▶ [Data for processing]
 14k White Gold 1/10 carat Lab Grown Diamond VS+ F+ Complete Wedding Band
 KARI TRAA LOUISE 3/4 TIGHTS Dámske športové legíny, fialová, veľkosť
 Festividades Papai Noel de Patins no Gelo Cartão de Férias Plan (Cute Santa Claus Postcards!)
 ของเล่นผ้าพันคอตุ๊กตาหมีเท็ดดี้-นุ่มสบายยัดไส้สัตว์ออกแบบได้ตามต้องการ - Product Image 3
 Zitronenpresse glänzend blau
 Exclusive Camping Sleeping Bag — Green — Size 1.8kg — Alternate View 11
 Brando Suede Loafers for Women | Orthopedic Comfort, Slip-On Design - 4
* * *
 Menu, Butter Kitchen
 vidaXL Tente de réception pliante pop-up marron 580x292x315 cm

▶ [Problem]
Return only the part of the records above that opens with the line containing "Product Image 3" and closes with the line containing "Brando Suede Loafers", ends included.

▶ [Problem solution]
 ของเล่นผ้าพันคอตุ๊กตาหมีเท็ดดี้-นุ่มสบายยัดไส้สัตว์ออกแบบได้ตามต้องการ - Product Image 3
 Zitronenpresse glänzend blau
 Exclusive Camping Sleeping Bag — Green — Size 1.8kg — Alternate View 11
 Brando Suede Loafers for Women | Orthopedic Comfort, Slip-On Design - 4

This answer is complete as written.